Diophantine tori and Weyl laws for non-selfadjoint operators in dimension two

TL;DR

This paper derives a Weyl law for eigenvalue distribution of non-selfadjoint perturbations of integrable selfadjoint operators in two dimensions, linking eigenvalue counts to classical flow averages.

Contribution

It establishes a Weyl law for eigenvalues in non-selfadjoint perturbations, connecting spectral distribution to classical integrable flow and Diophantine tori.

Findings

Weyl law for eigenvalues in spectral bands bounded by Diophantine tori.

Eigenvalue count asymptotics expressed via long-time averages of perturbations.
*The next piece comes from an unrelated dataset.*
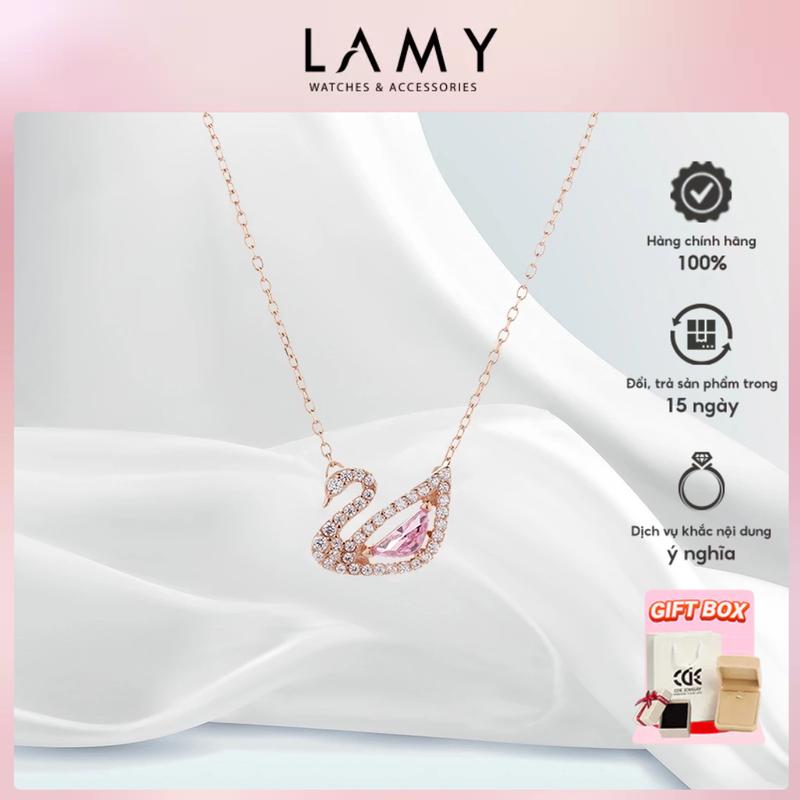 Dây chuyền thiên nga CDE Crystal Swan Necklace RoseGold CDE6042RG - Dây chuyền nữ dây  thiên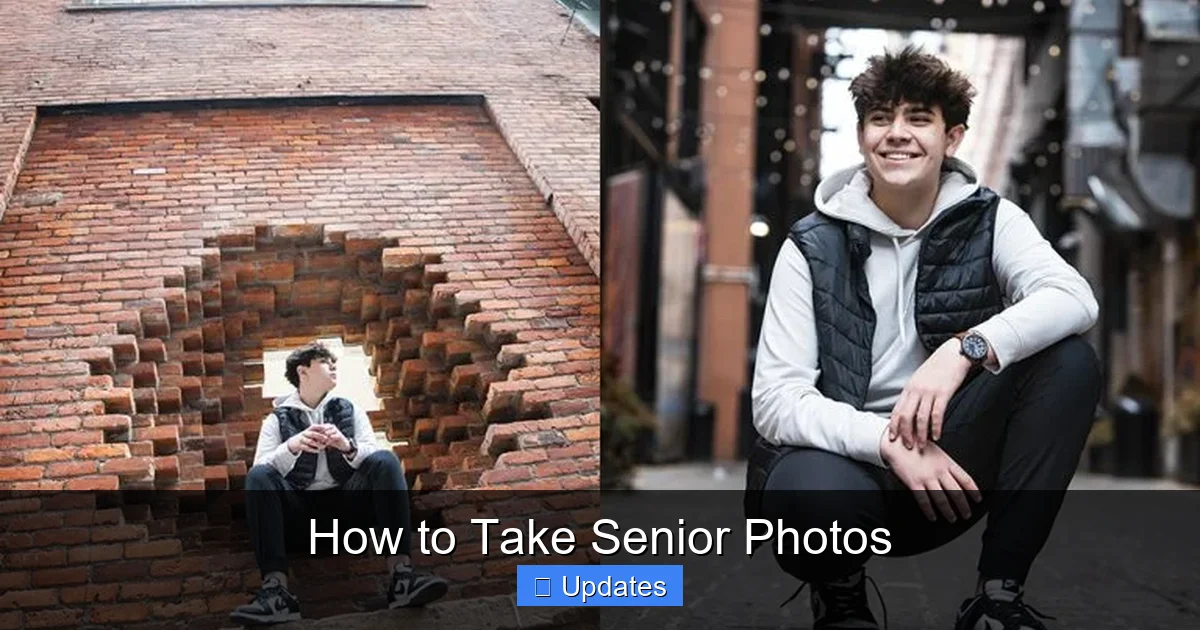 How to Take Senior Photos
Results applicable to semiclassical analytic pseudodifferential operators in two dimensions.

Abstract

We study the distribution of eigenvalues for non-selfadjoint perturbations of selfadjoint semiclassical analytic pseudodifferential operators in dimension two, assuming that the classical flow of the unperturbed part is completely integrable. An asymptotic formula of Weyl type for the number of eigenvalues in a spectral band, bounded from above and from below by levels corresponding to Diophantine invariant Lagrangian tori, is established. The Weyl law is given in terms of the long time averages of the leading non-selfadjoint perturbation along the classical flow of the unperturbed part.